HERE it comes, snaking through the tunnels and exploding out of the basements; it's the 2008 Arches Live! festival, an 11-day bonanza of 20 shows, installations and events designed to blast an autumn wind of change through the grassroots of Scottish
theatre.
The programme began, on Thursday night, with a series of pieces by artists already well known to Arches audiences and what emerged, by chance or design, was a cry of protest against the stubborn survival of certain old-fashioned kinds of patriarchy, and the religious cultures that sustain it.
Maryam Hamidi's Chronicles Of Irania is a blazingly vivid 45-minute encounter – complete with carpets, cushions and tea – with a woman of "Irania", a mythical version of Iran, who is first seen, dressed in a black burqa, writhing in agony on the floor after her husband has thrown acid in her face.
Then, like a sturdy butterfly from a chrysalis, she bursts forth in shining traditional costume and begins to tell us stories: beautiful but sinister creation myths about the necessary subjection of women; a long tale with finger puppets about the failed rebellion of a courtier's wife, and – in a sudden dark shift of tone – tales of contemporary oppression, and of a gay son put to death.
What emerges is a brave, deliberately self-fragmenting narrative about the traumatic transition from an oppressive traditional culture into some kind of modernity; and like a difficult birth, it's a tearing, agonising experience, both exhilarating and frightening.
Cria, from writer Megan Barker and director Neil Doherty, is inspired by the 1976 Carlos Saura film Cria Cuervos.

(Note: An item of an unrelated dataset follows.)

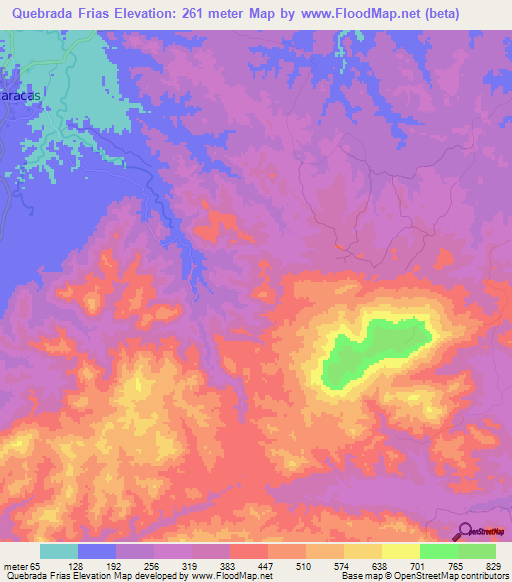 Quebrada Frias,Panama Elevation Map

Here, the patriarchal setting is Spain in the dying days of Franco, and the household of a leading military man whose youngest daughter has observed both his emotional cruelty and his sexual hypocrisy.

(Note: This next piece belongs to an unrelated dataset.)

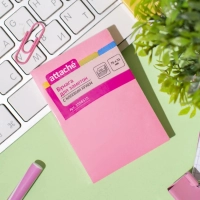 Стикеры Attache с клеев. краем 76х51,неон, розовый 100л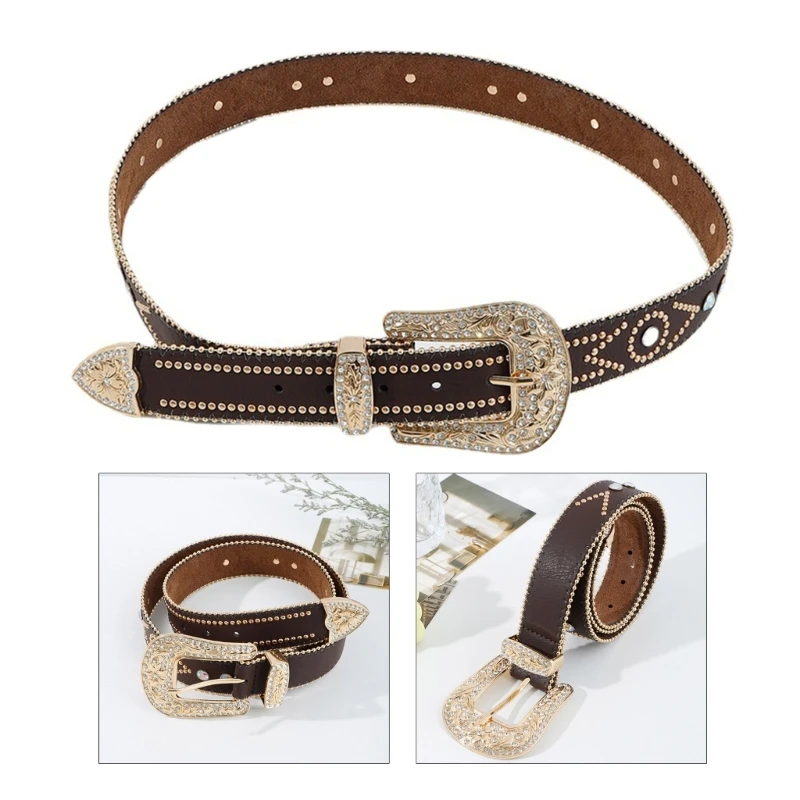 

Y166 Adult Belt for Dress Adjustable Pin Buckle Waist Belt Relief Pattern Buckle Wide Waist Belt Ladies Skirt Belt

It's hard to see exactly what Barker's slow-moving 75-minute reflection on this story adds to one of the greatest of all European films; but the show is beautifully performed by Doherty's four-strong cast, in a deep arch transformed by designer Kirsty Mackay into a powerful evocation of a domestic setting shaped by wider political realities.
Adrian Howells's Foot Washing For The Sole is partly inspired by his recognition of how far all three of the great patriarchal religions – Christianity, Islam, Judaism – tend to betray their own highest spiritual values; and by his desire to affirm one of the most simple of spiritual gestures, the washing of feet.

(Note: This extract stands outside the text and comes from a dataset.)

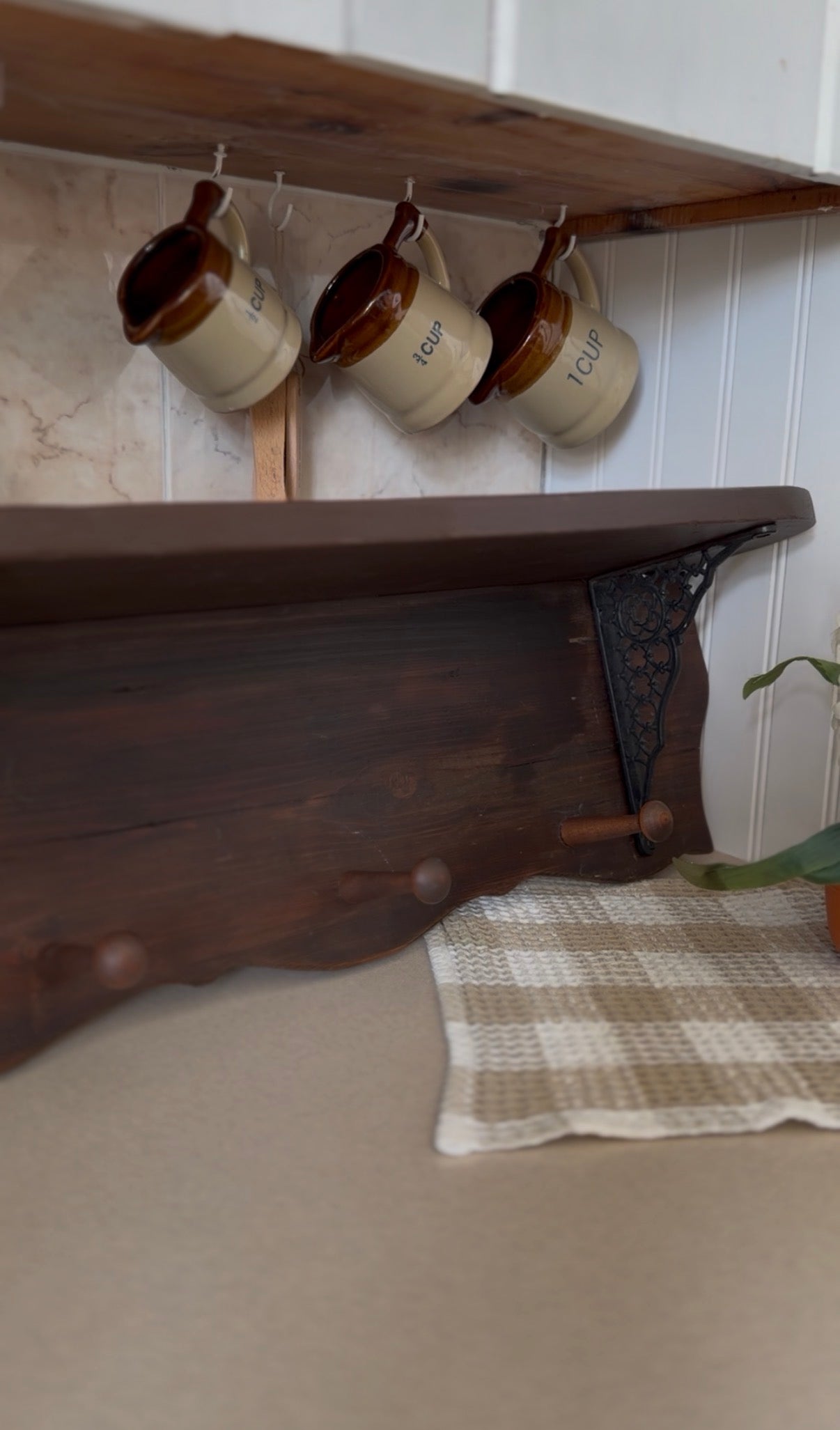 Wooden Shelf with Wrought Iron Corbels and Pegs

The one-to-one experience of having one's feet washed, massaged, anointed and kissed by Adrian is not only beautiful and comforting, but infinitely thought-provoking. It is as if our thoughtless abuse of our own feet, our main point of contact with the Earth, were a metaphor for our maladjusted relationship with the universe, put right here by the mystical power of touch, and of love.